Mr. the Prefect of Paris,

Let me establish the base of my letter around an event that has been carried to your knowledge a few days ago; a body has been found in the River Seine by a fisherman, and the policemen in faction at this time identified this body as Inspector Étienne Javert from your services.

In the mean time, your Municipal Guardsmen, sent by your orders, were collecting the bodies of the National Guardsmen who have fallen at the barricades. They were around seventy-five, including ten losses to claim in my artillery unit. One of my artillery officers has been directly killed at sight by the chief of the Republican revolutionaries.

How can you explain your silence on these events, Mr. Prefect? I do not understand and I refuse to understand. These Guardsmen were conscripts, and most specially, they were soldiers. They earn the national funerals and honours. How many died for your cause? They perished to protect the Monarchy, that they might not even approve of. If a soldiers unit earned a reward more than anything, it is them.

Have you been there, Mr. Prefect, hidden in the shadows of that night where the bodies of my men vanished so the passers would not have to see them at the first lights of morning? Were you there, Mr. Prefect, when wives cried and children wept? I was there, Mr. Prefect, and I had nothing more to offer to those civilians who have lost all, nothing more than my hand to put on their shoulders.

And can you feel more righteous than Inspector Javert, who knew me when I was sixteen ? Him who would be strict but fair and who would not punish another if he did not punish himself for the same fault. He is easily the only one of us who did not murder any innocent, hit any innocent, offended any innocent. What is your reward for him ? Not even any funeral – just the passage in a newspaper of a « body found in the Seine ».

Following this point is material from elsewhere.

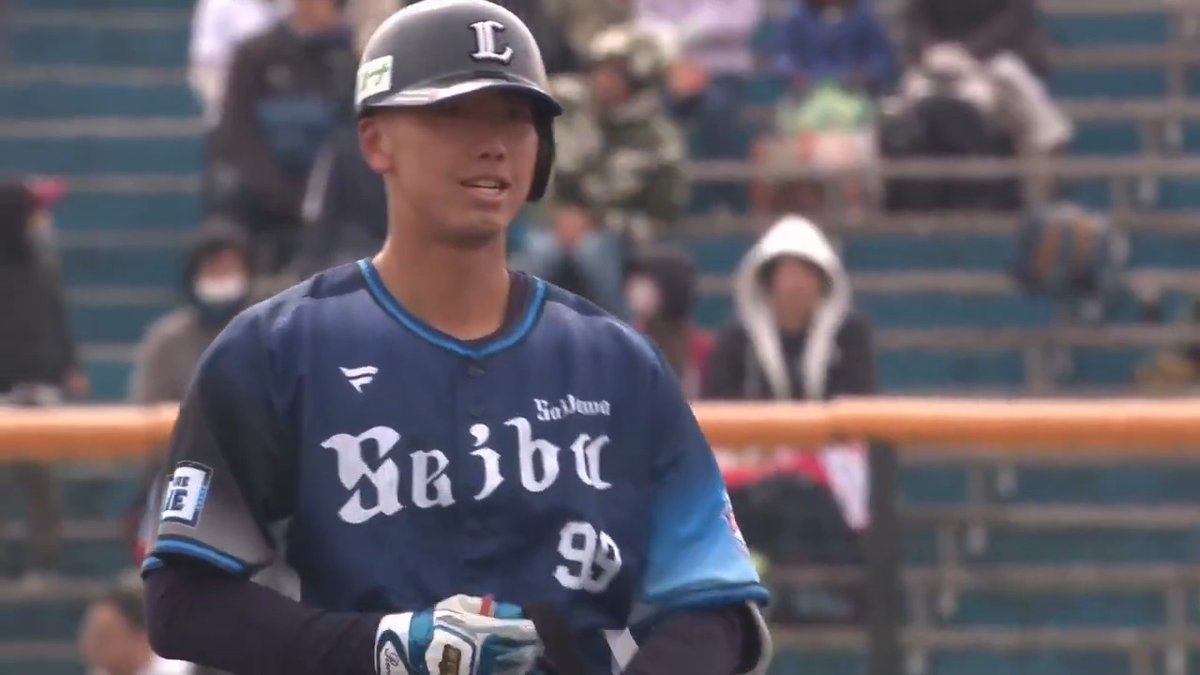 #村田怜音 選手の適時打で先制！ 積極的に初球を捉えてセンターへ運びました！ #埼玉西武ライオンズ #seibulions #オープン戦 #ALLONE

Enough! enough, Mr. Prefect – of your celebrations paid at the regret of the taxpayer, of the late nights at the Prefecture, of the deaths at the barricades far from your knowledge, and the ignorance of the police inspector who helped at the return of a normal criminal rate in Paris.

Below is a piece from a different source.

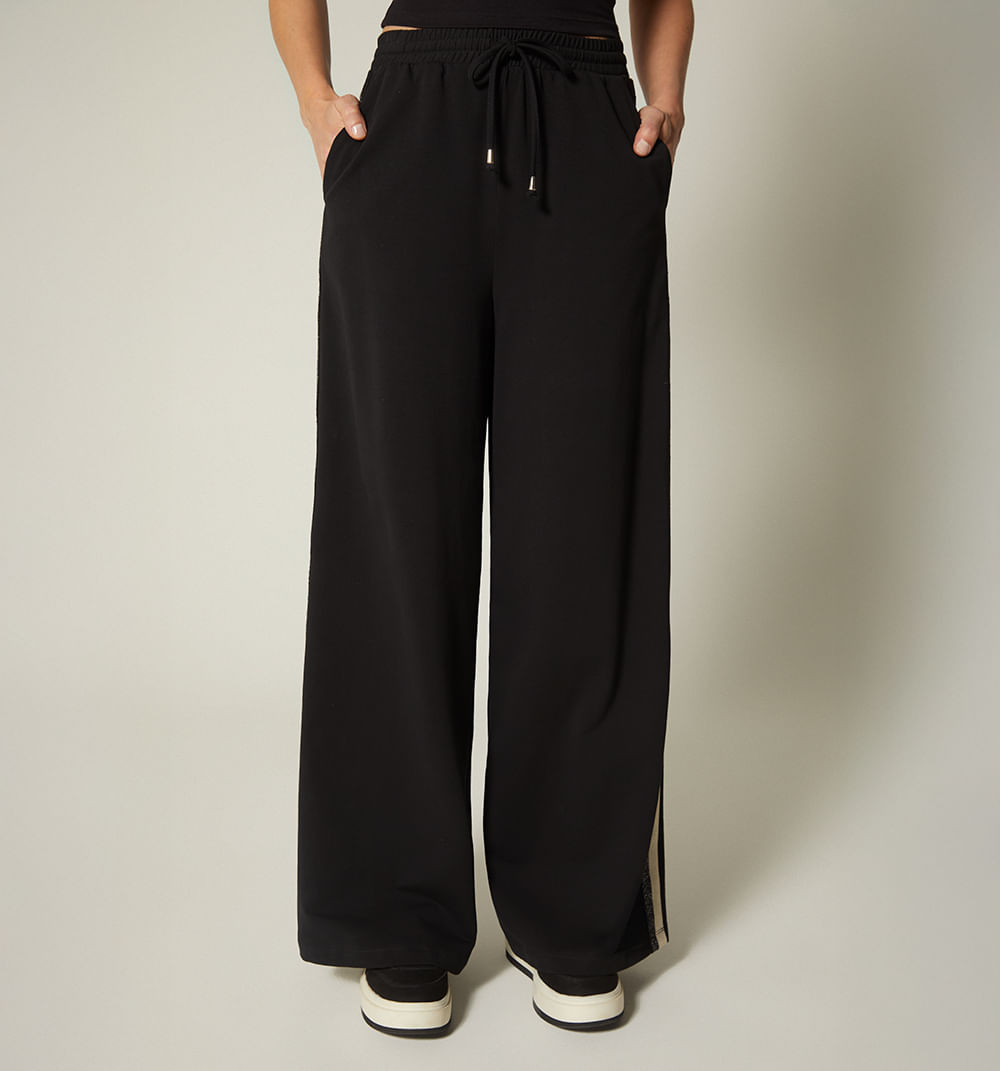 Pantalon tiro alto con insumo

The monarchy is a scourge for France, that kills young men and hides it from the people. I will not serve it anymore. What was my purpose in here ? I was protecting Javert, who saved my life when I was serving the Emperor. By a fault that is common to us both, I failed to this mission. I have no purpose to remain a soldier anymore.

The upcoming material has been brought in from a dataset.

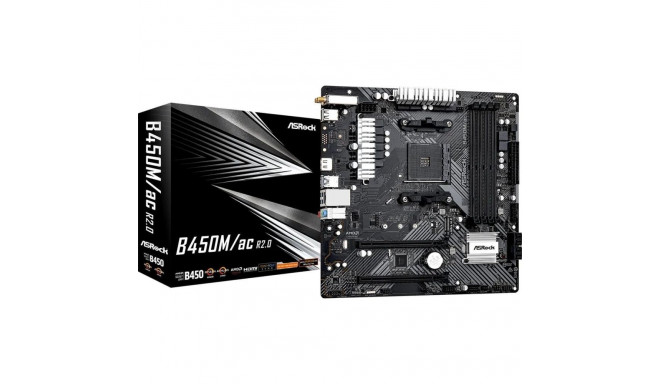 ASRock B450M/AC R2.0 emaplaat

I give you my dismissal, Mr. Prefect, with the deepest disgust for you and your regime. I had enough tears for your mistakes and your thirst for power.

If you want to send your gendarmes after me, and God knows that you will wish it, then do so. I will not be enough alive anymore for them to arrest me.

I will order to my unit of riflemen to shoot me in the morning this letter will arrive to you. They will throw my body with the rest of my comrades-at-arms.

And if, by chance, you have a breath of repentance, here is my last will.

First, you shall give a correct funeral to Inspector Javert, the most righteous man in this government.

And, most importantly, you shall erect a monument in Paris to all the National Guardsmen, Municipal Guardsmen and civilians fallen for the terrible days of June 1832.

For the people of France – for the interests of France – for the broken lives of children and widows – for the sake of peace and innocence – and against useless wars and useless bloodsheds.

Farewell,

Armand Lacroix,

ex- Artillery Captain at the 1st company of the National Guard.

[After this letter, soldiers reported the order of their commandant to create a firing squad. Lacroix ordered to shoot at himself; orders have been obeyed.

The Prefect, in knowledge of these events, ordered to build a monument to the memory of Guardsmen and civilians dead during the insurrection of June 1832.]